Newspaper cadetships used to be a common way for young journalists to gain a foothold in the industry. But cadetships are becoming rarer and rarer. Fairfax no longer offers a cadetship program every year (its last application round was last year, and Fairfax insiders expect it will accept a new batch every two years), and the ABC’s highly competitive program generally takes only one cadet in each capital city. News Corp is one of the few companies still to offer regular cadetships every year, and unlike Fairfax, which tends to only accept early-career journalists into into its program, News Corp tends to employ fresh graduates as cadets.

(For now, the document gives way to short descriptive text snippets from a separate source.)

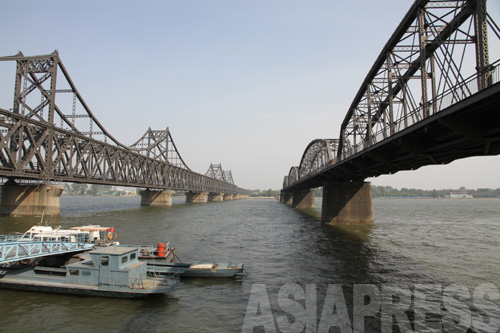 左が鴨緑江大橋。鉄道と車両が並んで通る仕組みになっている。右の橋は朝鮮戦争のさなかの1950年11月、米軍の爆撃により破壊され、その後使われていない。現在は「鴨緑江断橋」と呼ばれ観光地となっている。2011年5月　アジアプレス取材班撮影 (C)アジアプレス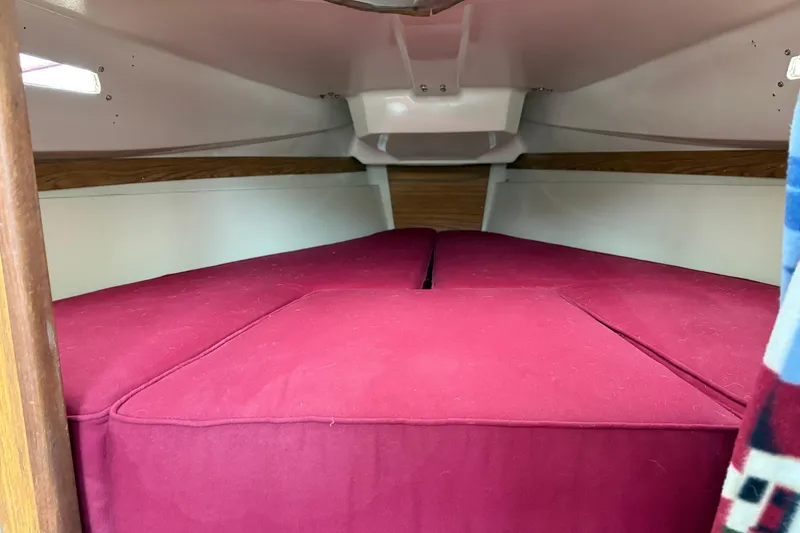 Slide: The Image of Interior cabin of 1983 Sonic 23 boat with red cushions. - 22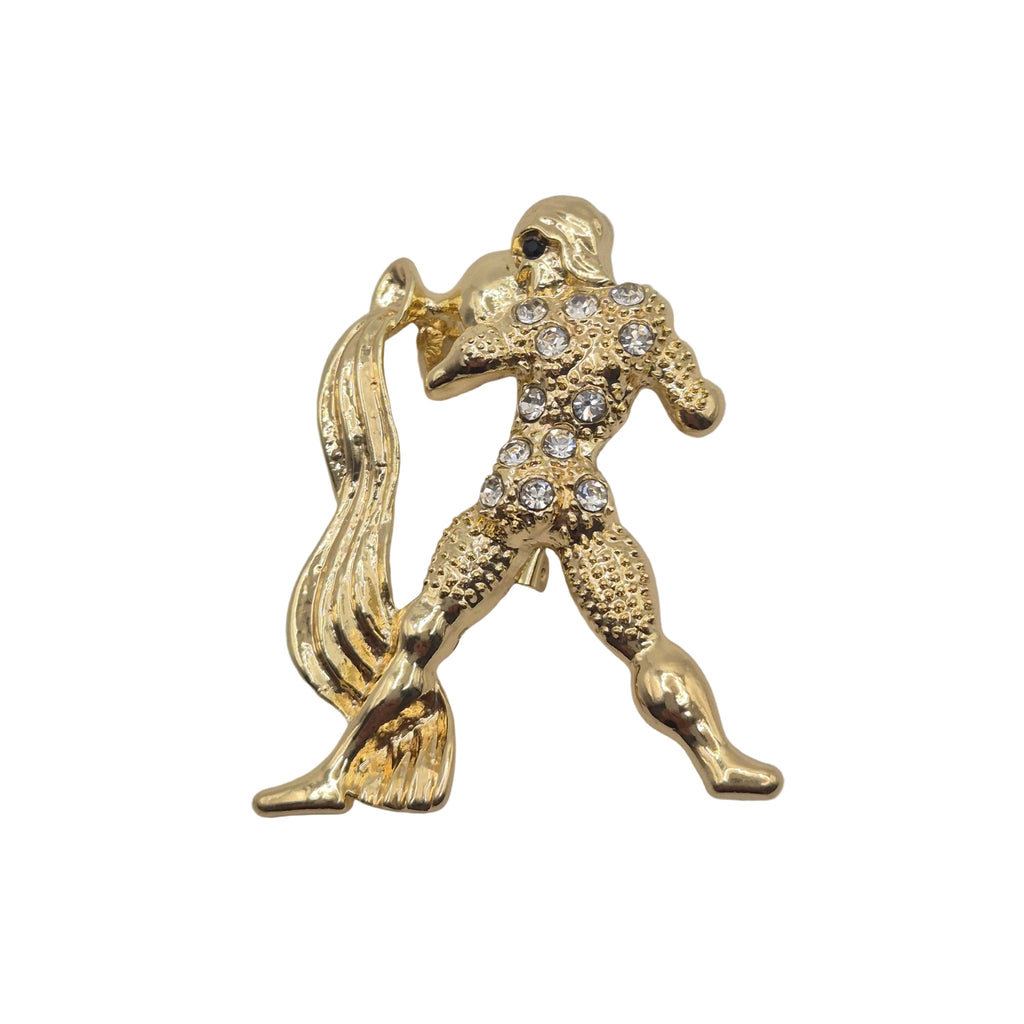 A gold tone metal Aquarius zodiac sign brooch with rhinestone detailing. Displayed against a plain white background.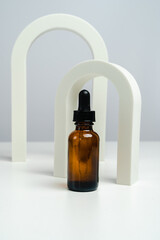 Massage oils in a dark glass jar. Essence for skin health against the backdrop of arches. Trendy style. Geometric figures. Photo in monochrome style. Mockup for your product. Conceptual photo.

Last year was the first time News Corp moved to a national graduate system that standardised how cadets are trained nationwide. The company took 14 cadets, or entrants into its “graduate program”, Australia-wide in 2014. The 14 cadets had an average age of 23. News Corp sources Crikey spoke to were highly complimentary of the new program, saying it gave cadets a wide training and prepared them well for the competitive journalism jobs market. Crikey understands three of the cadets not taken on by the Herald Sun have already found work in the media industry.
A cadetship has traditionally been a golden ticket for journalism graduates — an entry through a competitive field into a major newsroom. But it seems new journalism graduates who score cadetships can no longer reasonably expect a formal job offer at the end of it.